SUBMISSION: 381 TITLE: Introducing Collaborative Link Traversal Query Processing in the Context of Structured Decentralized Environments
----------------------- REVIEW 1 --------------------- SUBMISSION: 381 TITLE: Introducing Collaborative Link Traversal Query Processing in the Context of Structured Decentralized Environments AUTHORS: Bryan-Elliott Tam
----------- Overview ----------- This paper presents a proposal for a phd project that will investigate the development of a method for query answering over distributed web data. The paper gives a motivation for this based on current need for such distributed data in the context of data sovereignty, building on the foundations of the SOLID project. It bases the research question on the state of the art in Link Traversal Query Processing and distributed SPARQL solutions. The proposal poses two subquestions on query completeness as well as efficiency. The project will mainly be an engineering effort building prototypes on top of existing (SOLID-related) infrastructures and benchmarks. ----------- Originality and Novelty ----------- SCORE: 4 (good) ----- TEXT: Based on SOTA, building on existing P2P and distributed querying but definitely valuable and novel ----------- Relevance to the Conference ----------- SCORE: 5 (excellent) ----- TEXT: Clear relevance to the conference. This is core Semantic Web engineering research ----------- Technical soundness ----------- SCORE: 3 (fair) ----- TEXT: The technical details in the proposal are quite limited, but what is there is solid (no pun intended) ----------- Clarity and quality of presentation ----------- SCORE: 3 (fair) ----- TEXT: I found the introduction not very easy to read. This is partly because of some overly long sentences with many commas or brackets. Also, the political and economical statements and assumptions in the first part of the introduction are not really backed up. I would suggest a slight rewrite with more focus on the actual research problem. Make sure to state the research question/contribution of the paper in the introduction.

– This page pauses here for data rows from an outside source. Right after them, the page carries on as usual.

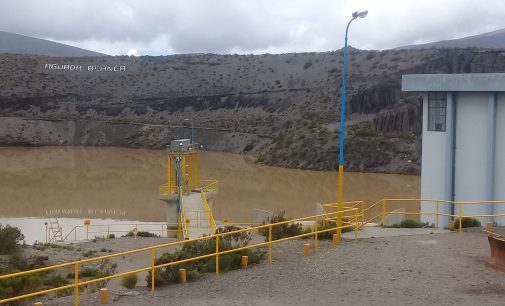 Niveles de agua en represas de zona regulada del Chili se encuentran al 79% de su capacidad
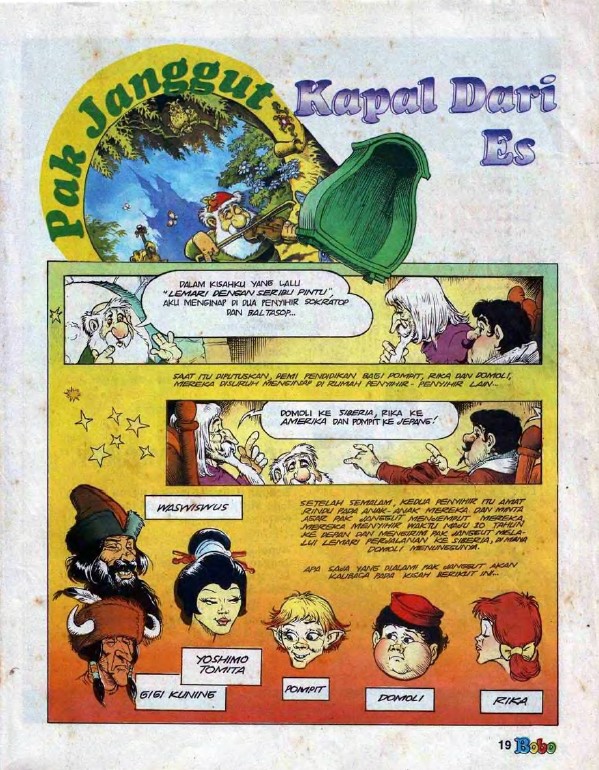 Pak Janggut - Kapal Dari Es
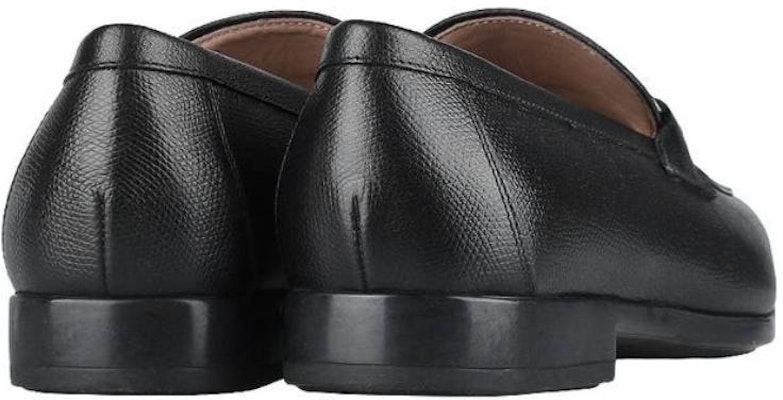 FERRAGAMO Gancini Moccasin 'Hitam' 02C512-740672 Purchase FERRAGAMO Gancini Moccasin 'Hitam' 02C512-740672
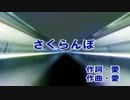 さくらんぼ　大塚愛 [カラオケ]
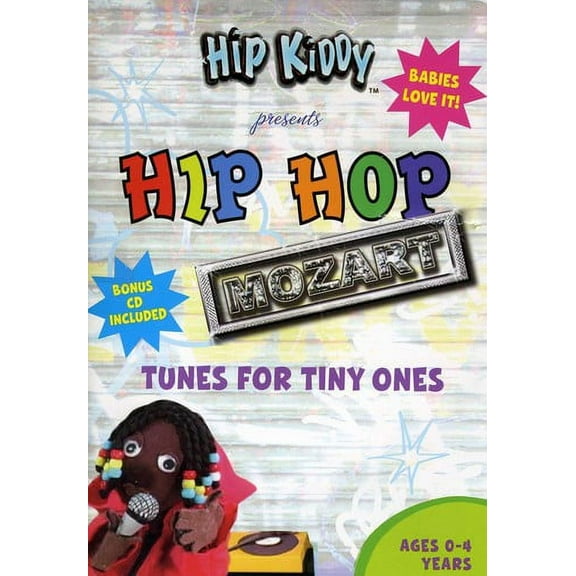 Hip Hop Mozart: Tunes for Tiny Ones (DVD   CD), Hip Kiddy, Music & Performance
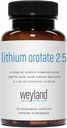 Lithium Orotaat 2,5 mg (1 fles), 60 Vegetarische capsules
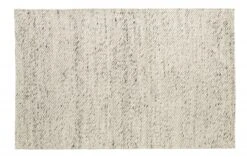 Nordal Lara Vloerkleed Wol - Ivory/grijs 160x240cm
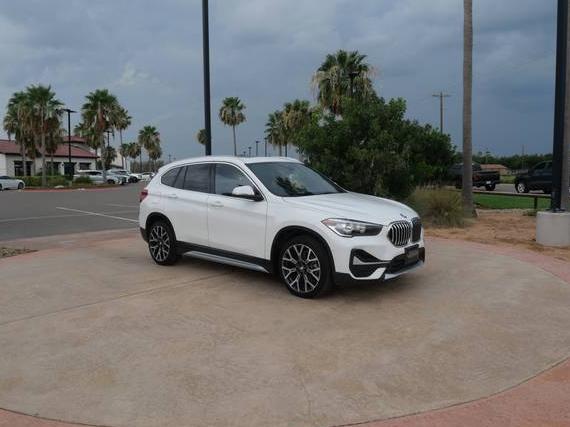BMW X1 2022 WBXJG7C07N5U67563 image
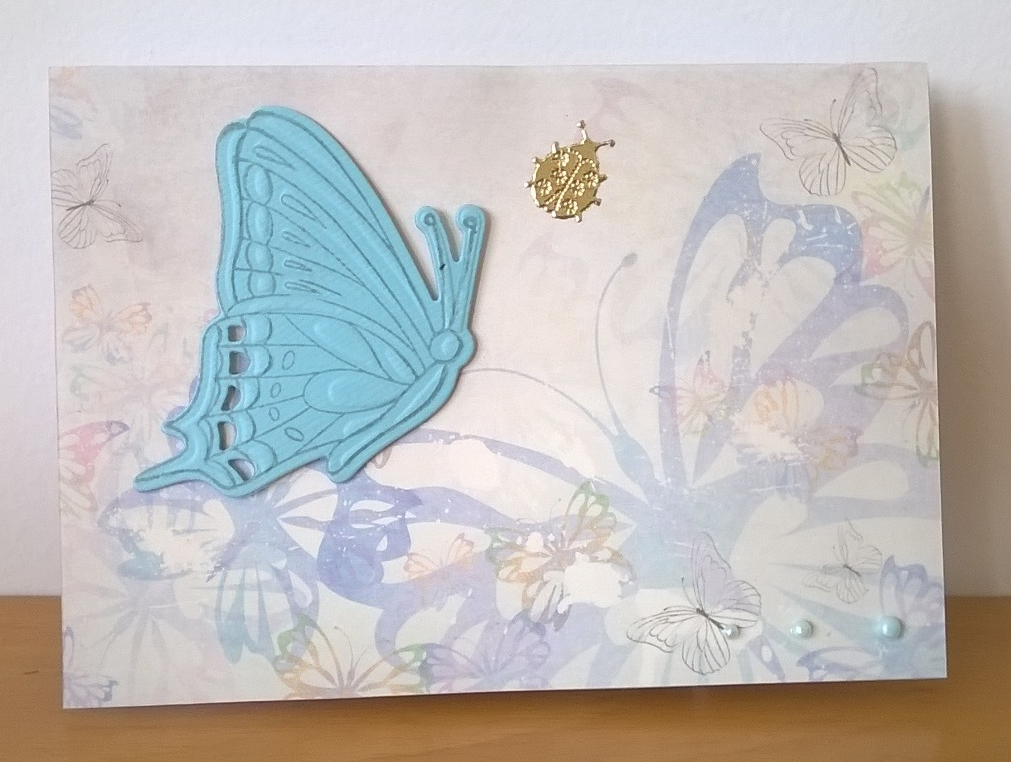 Carte Janine Papillons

An running example would also highly increase the readability of the paper. What paper presents "querying in social applications" as main case, but what that would actually look like is unclear. For what type of applications and in what kinds of scenarios would the proposed solution work? In other words, what is the class of problems for which you design a (class of) solution(s)? ----------- Overall evaluation and additional comments ----------- SCORE: 2 (accept) ----- TEXT: Clear paper with a good focused research problem. This is mostly an engineering problem, but one that is relevant to the overall conference and to current investigations into distributed privacy-preserving data sharing solutions. The method, the heuristics described and the metrics proposed make sense. In the current form, most technical details are missing, but for an early-stage proposal that is ok.
The demarcation and illustration of the problem can be improved with examples of situations where such distributed querying is reasonable.
A figure illustrating the high-level design of the solution would also be valuable.
Related to this, the paper explains that the main method will involve SOLID-related infrastructure, benchmarks and likely also use cases. The benchmark is not described in this paper so for the reader it is not clear what datasets, network settings or tasks are considered. It would be good if a discussion could be added on the generalizability of the solution (beyond SOLID).
The formulation of RQ1 can be improved, it is not clear with respect to what the better completeness and lower execution time is calculated. Is there an obvious baseline (non-distributed solutions?)? What is the independent variable in this case?
The introduction now mentions economic factors as well (monetary barriers), but these are not present in the research questions or metrics. What is the relation between the stated contribution in the introduction and the method with respect to this? The same holds for privacy, how is that taken into account in the method? Is it a factor restricting the solution space or a variable that you measure?
on P1: " In this PhD program [...]" -> this sentence is overly long and quite hard to understand. It seems to state that you want to move a definition, whereas you are actually contributing a method to facilitate efficient data querying. I would split up this sentence and rephrase it.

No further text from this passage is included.